| Data section |
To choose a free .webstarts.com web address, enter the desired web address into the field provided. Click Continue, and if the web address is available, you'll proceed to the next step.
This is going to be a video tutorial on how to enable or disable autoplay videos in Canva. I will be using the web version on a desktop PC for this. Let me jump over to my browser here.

...

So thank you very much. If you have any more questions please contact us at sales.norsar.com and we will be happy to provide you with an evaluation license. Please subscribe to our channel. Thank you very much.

==

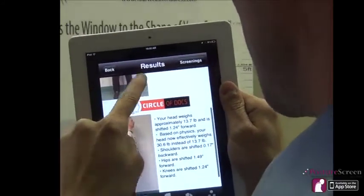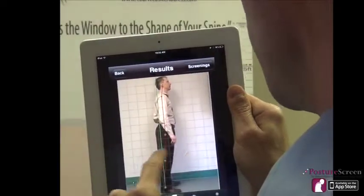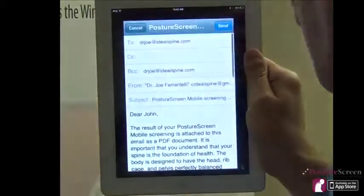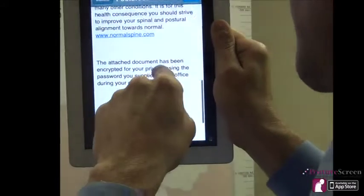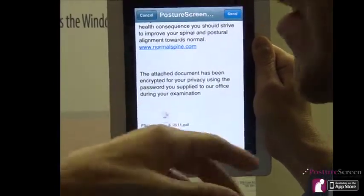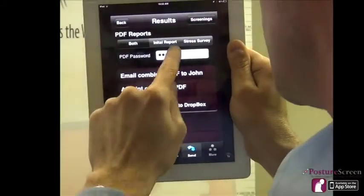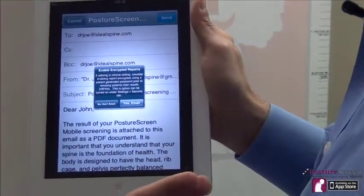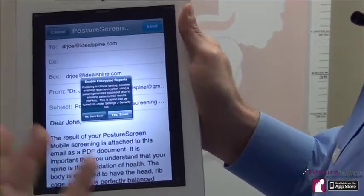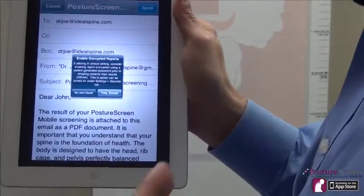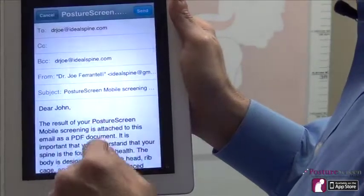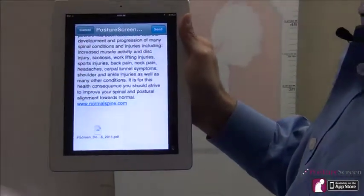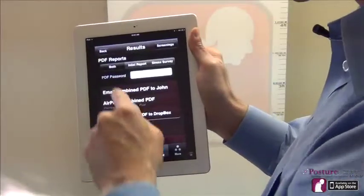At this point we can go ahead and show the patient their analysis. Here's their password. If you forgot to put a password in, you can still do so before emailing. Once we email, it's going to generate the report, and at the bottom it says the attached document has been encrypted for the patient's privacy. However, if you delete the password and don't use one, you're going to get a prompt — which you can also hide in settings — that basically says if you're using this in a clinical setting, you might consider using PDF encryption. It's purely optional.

| Directions |
Pick every line containing the word "will" out of the material, and copy those lines.

| Result of the exercise |
This is going to be a video tutorial on how to enable or disable autoplay videos in Canva. I will be using the web version on a desktop PC for this. Let me jump over to my browser here.
So thank you very much. If you have any more questions please contact us at sales.norsar.com and we will be happy to provide you with an evaluation license. Please subscribe to our channel. Thank you very much.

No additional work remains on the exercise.